Online Burnout Counselling Trauma-Informed Therapy

Specialist burnout counselling for high-functioning professionals. Trauma-informed therapy exploring attachment, identity and chronic overwork.

I work with high-functioning individuals who look capable and successful on the outside but feel emotionally exhausted underneath.
Together, we explore the deeper roots of burnout — often anchored in childhood experiences, attachment patterns and the belief that your worth is tied to how much you achieve.

Burnout is not simply about doing too much.
It can be a nervous system shaped by early responsibility, high expectations, or the belief that your value comes from what you give and achieve.

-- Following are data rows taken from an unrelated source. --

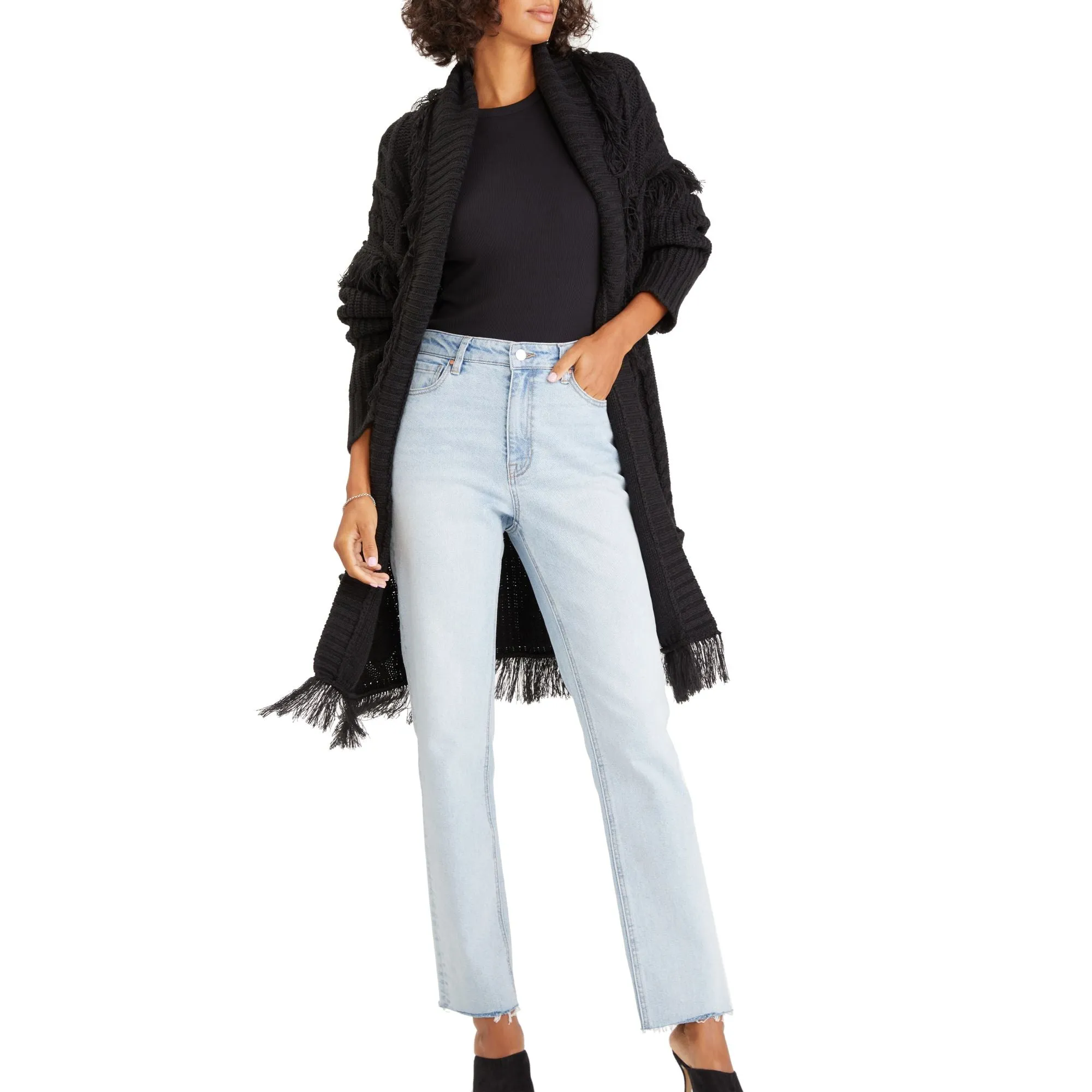 Sanctuary Women's Make Sway Fringe Cardi - BLACK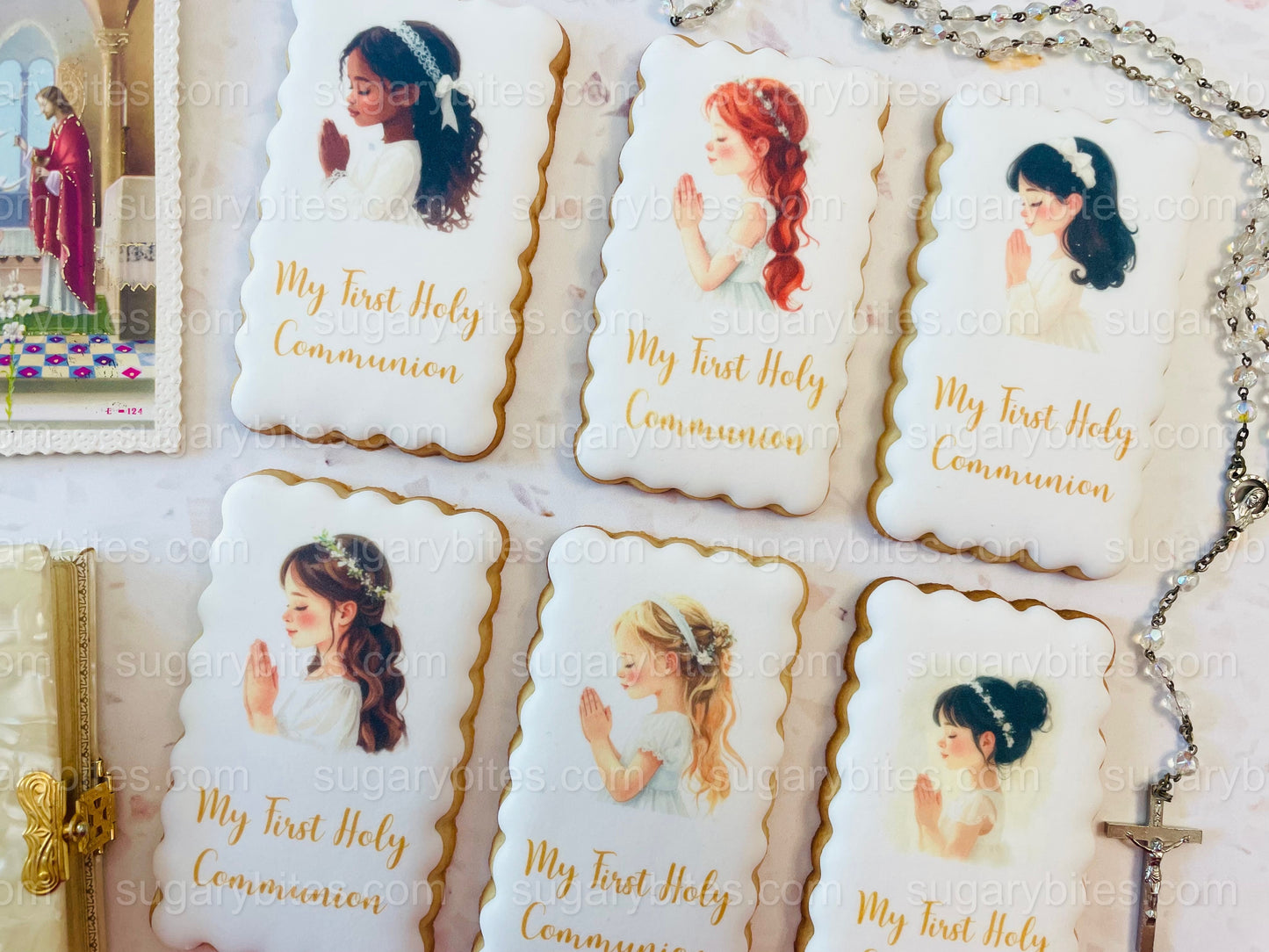 First Holy Communion Decorated Cookies – Handmade Printed Communion Cookies | Personalized Message | Sugar Vanilla or Gluten-Free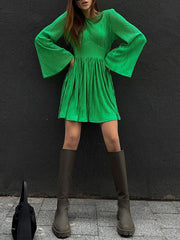 High-Waisted Pleated Solid Color Zipper A-line Flared Sleeves Round-neck Mini Dresses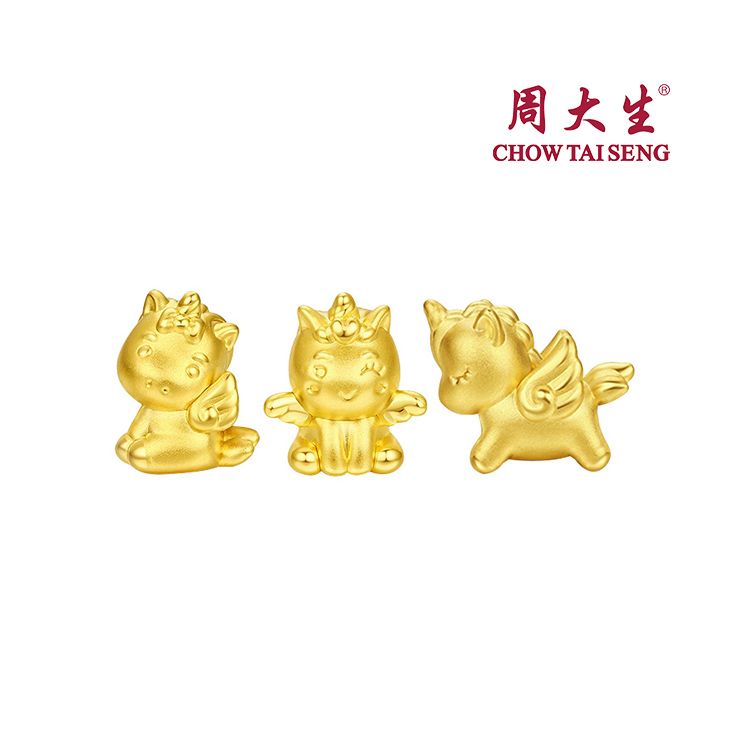 周大生 甜心独角兽 黄金手链足金独角兽转运珠3D硬金珍珠手链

Together, we explore the roots beneath performance — and build a way of living that no longer costs you your wellbeing.

🌿 The Rooted Recovery

Phase 1: Stabilise the Nervous System

  • Understand burnout as a survival response

  • Identify patterns of over-functioning

  • Reduce immediate overwhelm

Phase 2: Uncover the Roots

  • Explore childhood dynamics

  • Examine attachment style

  • Identify internalised beliefs (“I must prove myself” / “Rest is lazy”)

Phase 3: Rewire Identity

  • Separate worth from productivity

  • Build internal safety

  • Develop sustainable boundaries

Phase 4: Integrate & Sustain

  • Practice new relational patterns

  • Shift from pressure to choice

  • Build a new relationship with work and self

Meet Nat, a trauma-informed counsellor specialising in burnout recovery for high-functioning professionals.

Hi, I’m Nat — a bilingual (French/English) qualified counsellor (Master) dedicated to helping people build resilience, find clarity, and live more meaningful, balanced lives.

For as long as I can remember, people have trusted me with their stories. Listening deeply and without judgement has always come naturally to me.

Although I wanted to study psychology at 18, life led me down a different path. At 50, I realised that my desire to help people understand themselves and navigate challenges had never gone away, and it was time to reconnect with that calling through counselling.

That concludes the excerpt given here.